Rodrigues argumentou que, no caso Marielle Franco, uma investigação independente foi crucial para desvendar a participação de agentes do Estado no crime, incluindo figuras de alto escalão. “Descortinamos ali um crime que teve a participação, inclusive, de agentes do Estado para o seu cometimento e agentes de alto escalão do Estado. Houve conselheiro do Tribunal de Contas, deputado federal e também policiais envolvidos nesse crime”, detalhou o diretor da PF.

O diretor-geral também citou a operação Carbono Oculto como outro exemplo de sucesso decorrente da autonomia investigativa e operacional da PF. Ele defendeu o aprimoramento contínuo do sistema de justiça criminal, com a adoção de novas ferramentas e a ampliação das capacidades da polícia, incluindo a cooperação e a integração no enfrentamento ao crime organizado.
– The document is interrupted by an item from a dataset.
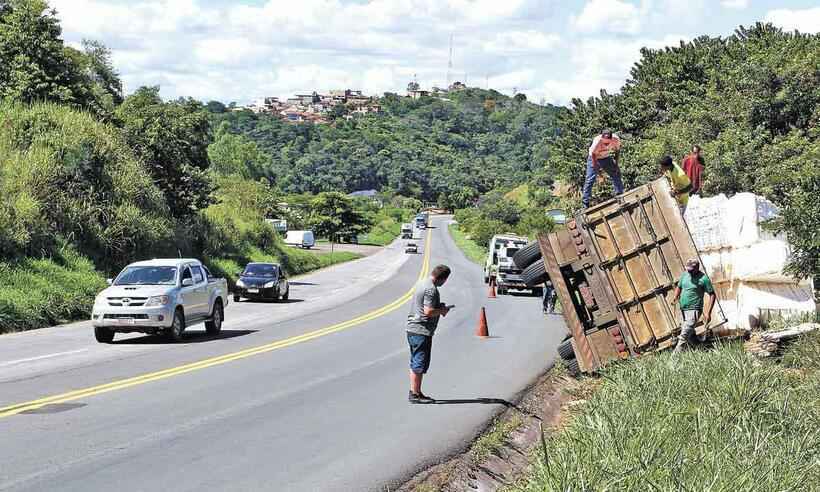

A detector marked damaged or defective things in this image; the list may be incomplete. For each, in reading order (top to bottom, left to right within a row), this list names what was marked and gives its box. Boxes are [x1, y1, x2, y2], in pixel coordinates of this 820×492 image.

overturned truck [520, 177, 732, 372]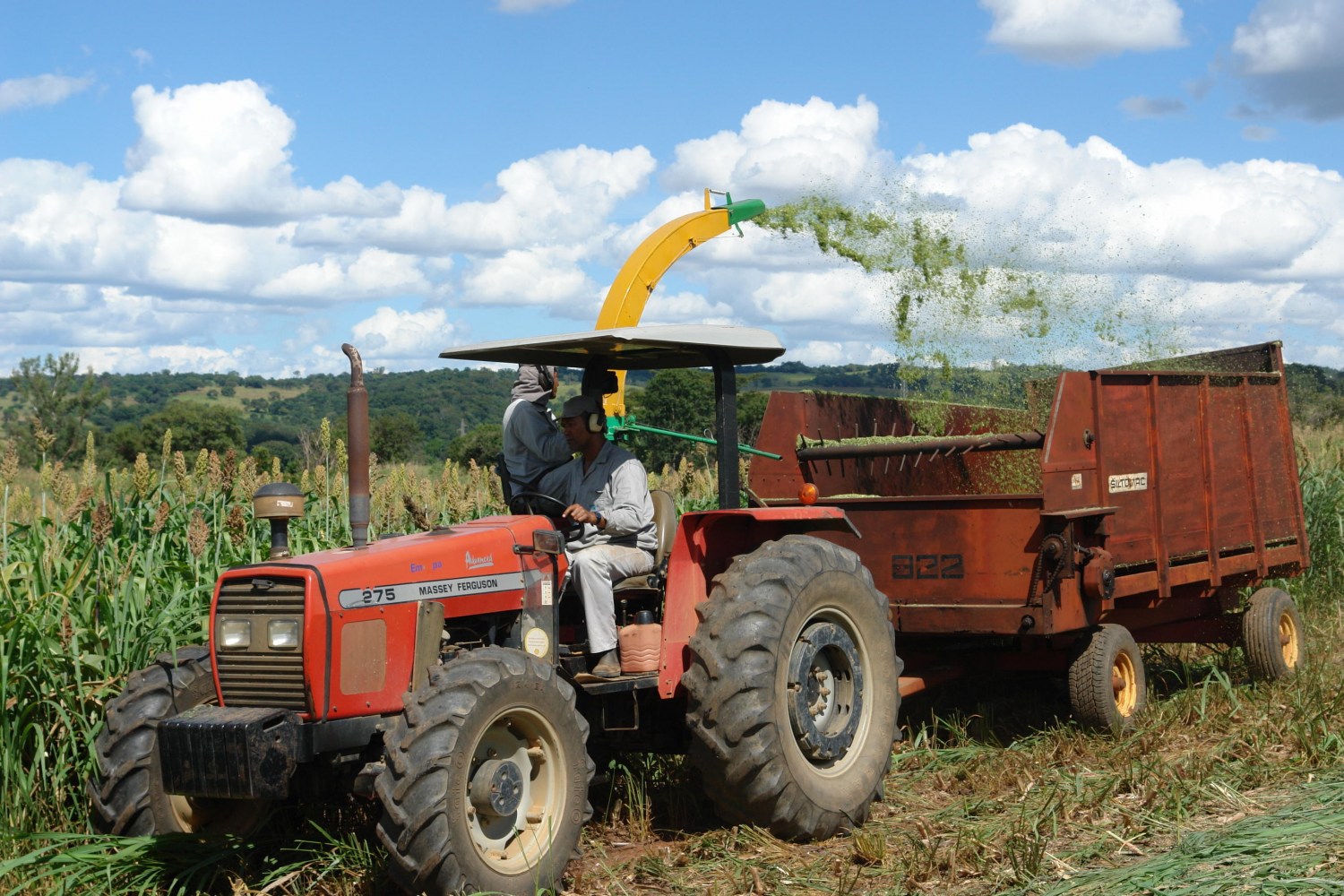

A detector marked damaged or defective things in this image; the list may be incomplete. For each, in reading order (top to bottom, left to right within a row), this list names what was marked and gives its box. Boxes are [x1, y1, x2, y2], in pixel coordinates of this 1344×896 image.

rusty metal trailer [753, 340, 1312, 728]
A preocupação com a autonomia da PF também foi compartilhada pelo ministro da Fazenda, Fernando Haddad, que alertou para o risco de comprometimento de investigações sobre a atuação do crime organizado no setor de combustíveis, caso a proposta inicial de Derrite fosse mantida. Segundo o ministro, o texto poderia enfraquecer a atuação da Receita Federal e da Polícia Federal no combate a organizações criminosas.
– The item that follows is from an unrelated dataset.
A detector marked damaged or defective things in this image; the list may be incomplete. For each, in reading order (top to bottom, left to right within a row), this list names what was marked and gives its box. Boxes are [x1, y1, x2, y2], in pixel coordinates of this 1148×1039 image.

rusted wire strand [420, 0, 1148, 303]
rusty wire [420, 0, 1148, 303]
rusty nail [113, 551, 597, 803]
O ministro da Justiça e Segurança Pública, Ricardo Lewandowski, manifestou otimismo em relação ao projeto de lei Antifacção, de autoria do governo, esperando sua aprovação integral. No entanto, expressou surpresa com a rapidez na apresentação do relatório sobre o projeto e apontou que parte do parecer relacionado à Polícia Federal seria inconstitucional.